Superior Court of New Hampshire, Northern District.
Aug 24, 2011
NO. 217-2008-EQ-099 (N.H. Super. Aug. 24, 2011)

Opinion

NO. 217-2008-EQ-099

08-24-2011

New Hampshire Speedway, Inc. and Speedway Properties Company, LLC d/b/a Performance Racing Network v. Motor Racing Network, Inc. v. Speedway Motorsports, Inc.


MERRIMACK, SS

ORDER

New Hampshire Speedway, Inc. ("NHS") has filed motions in limine seeking to exclude: (1) evidence of Motor Racing Network's ("MRN") alleged lost profit damages; (2) evidence of oral representations and promises made by NHS related to providing MRN with a specific number of races; (3) contracts that MRN entered into with other formerly independent speedways not parties to the present action; and (4) evidence of NHS's contract with Performance Racing Network ("PRN"). MRN objects to each of NHS's motions. The Court considers each of the motions in turn.

1. Lost Profits

NHS's first motion in limine seeks to exclude all evidence of MRN's lost profits on two grounds: first, that MRN abused the discovery process; and second, that lost profits are not recoverable under Florida law, which this Court has held governs the present promissory estoppel action.

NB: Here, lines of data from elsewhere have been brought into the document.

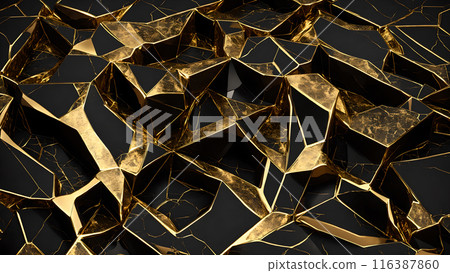 Cracks in black marble filled with gold. 3d background Cracks in black marble filled with gold. 3d background 116387860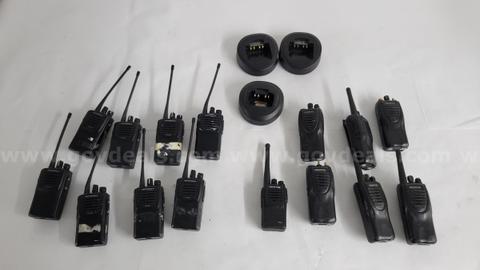 Mixed Lot of 15 Walkie Talkies and Docks (Kenwood, Motorola, Mag One, Alpha One)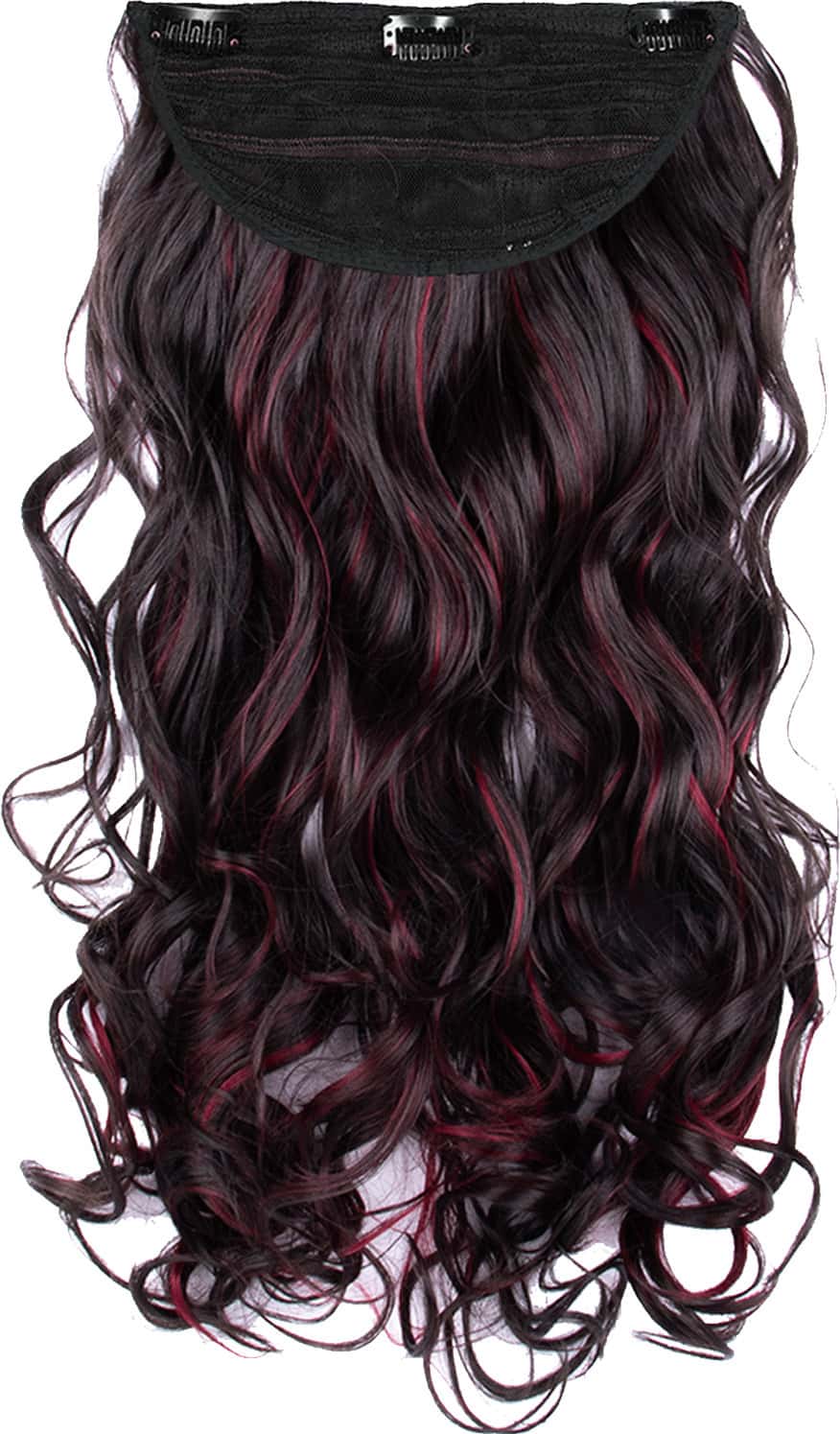 Streak Street Clip-In 24" Full-Wavy Burgundy Hair Extensions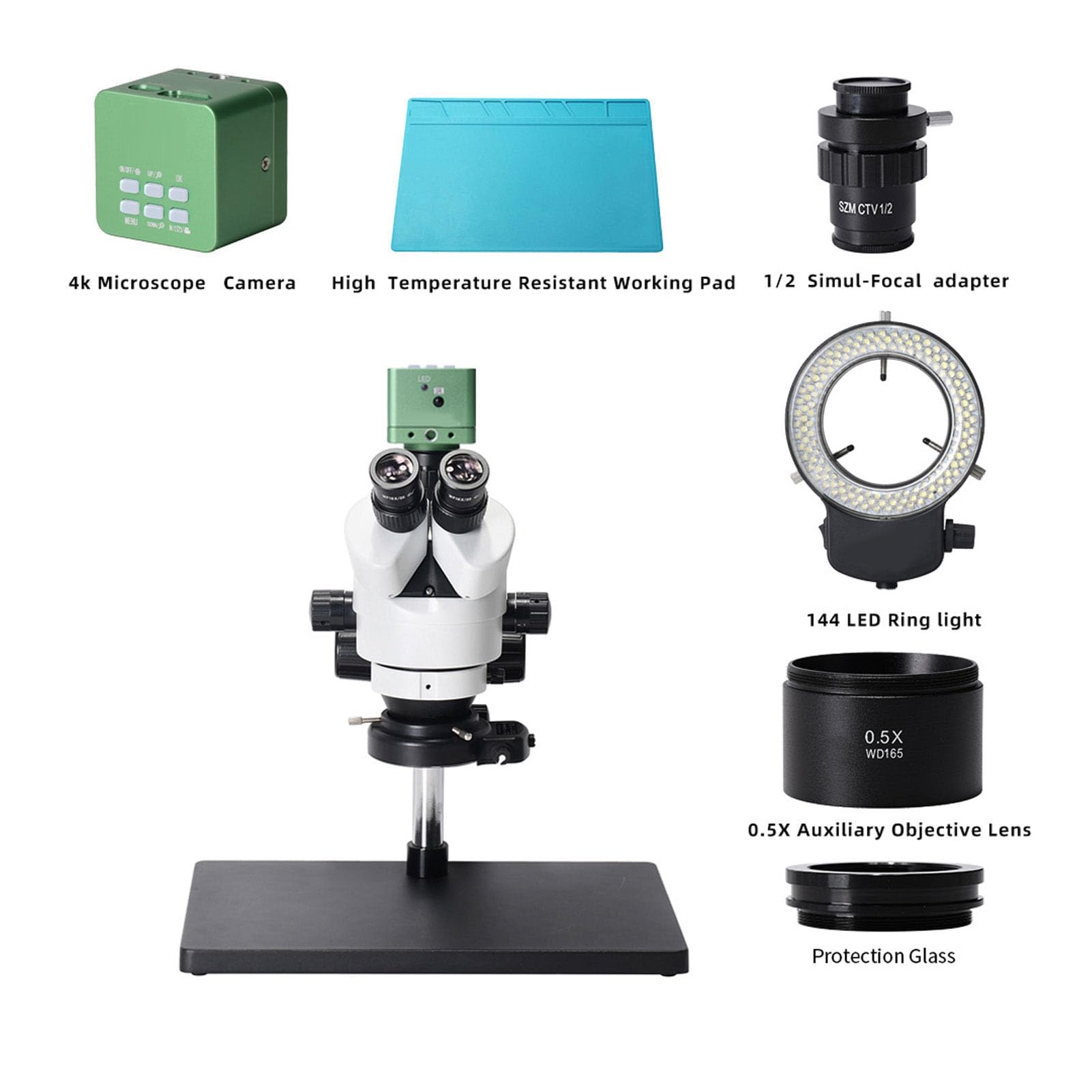 Microscopio Zoom Stereo Trinoculare, 4K 41MP 1080P USB Stereomicroscopio Trinoculare Girevole Microscopio Trinoculare con Supporto LED, Ingrandimento 7x a 45x (Spina europea)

This Court held in its July 19, 2011 Order that Florida Law applies to this case. See July 19, 2011 Order at 4. Furthermore, the Court has, along with deciding the present motions in limine, denied MRN's motion to reconsider whether Florida law applies.

The Court cannot find that MRN abused the discovery process based on the submissions. MRN represents that it has provided NHS with more than 5,700 pages of documents, that it disclosed its lost profits information by way of spreadsheet, and that it does not intend to introduce any documents to support its damage calculation other than those which have been produced. At least on the present record, the drastic remedy of exclusion of evidence is unwarranted.

The more significant issue raised by this motion is whether "lost profits" or "expectancy damages" are recoverable in a promissory estoppel action under Florida law. In support of its argument that lost profits are not recoverable, NHS relies primarily on two cases: Young v. Johnston, 475 So.2d 1309 (Fla. Dist. Ct. App. 1985) and Devon Med. v. Ryvmed, 60 So.3d 1125 (Fla. Dist. Ct. App. 2011) (Gross, C. J., concurring). In Young, the Florida District Court of Appeals held that because the parties' contract lacked mutuality of obligation, the plaintiff was precluded from recovering damages "for breach based on the 'loss of bargain' at the time their negotiations came to an end." 475 So.2d at 1312-13. However, the Court did find that reimbursement damages on the theory of promissory estoppel were recoverable upon appropriate proof. Id. at 1314-15.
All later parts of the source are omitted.